Source material section start
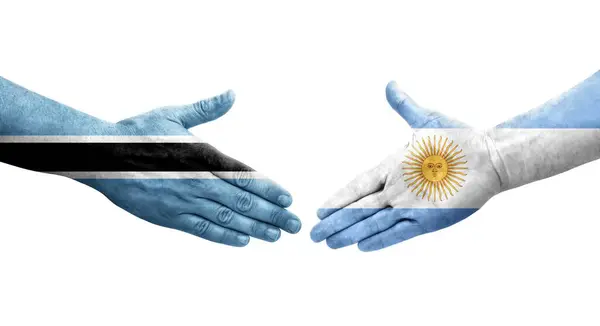 Apretón Manos Entre Argentina Botswana Banderas Pintadas Las Manos Imagen — Foto de Stock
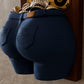 a pair of blue pants hanging on a wall
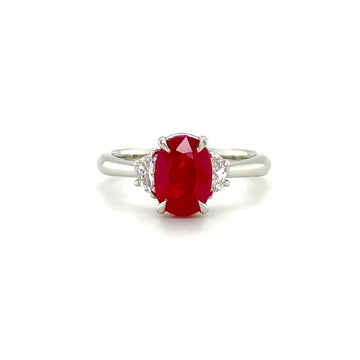 Platinum ring with oval red ruby center and small diamond side stones
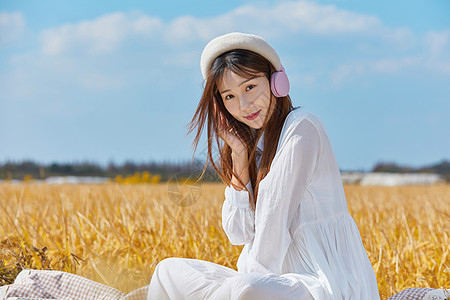 雨水稻田年轻女生户外听音乐背景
Source material section end
*Prompt:*
Transcribe the listing in full. Leave the pictures out.

*Output of the exercise:*
 Apretón Manos Entre Argentina Botswana Banderas Pintadas Las Manos Imagen — Foto de Stock
 a pair of blue pants hanging on a wall
 Platinum ring with oval red ruby center and small diamond side stones
 雨水稻田年轻女生户外听音乐背景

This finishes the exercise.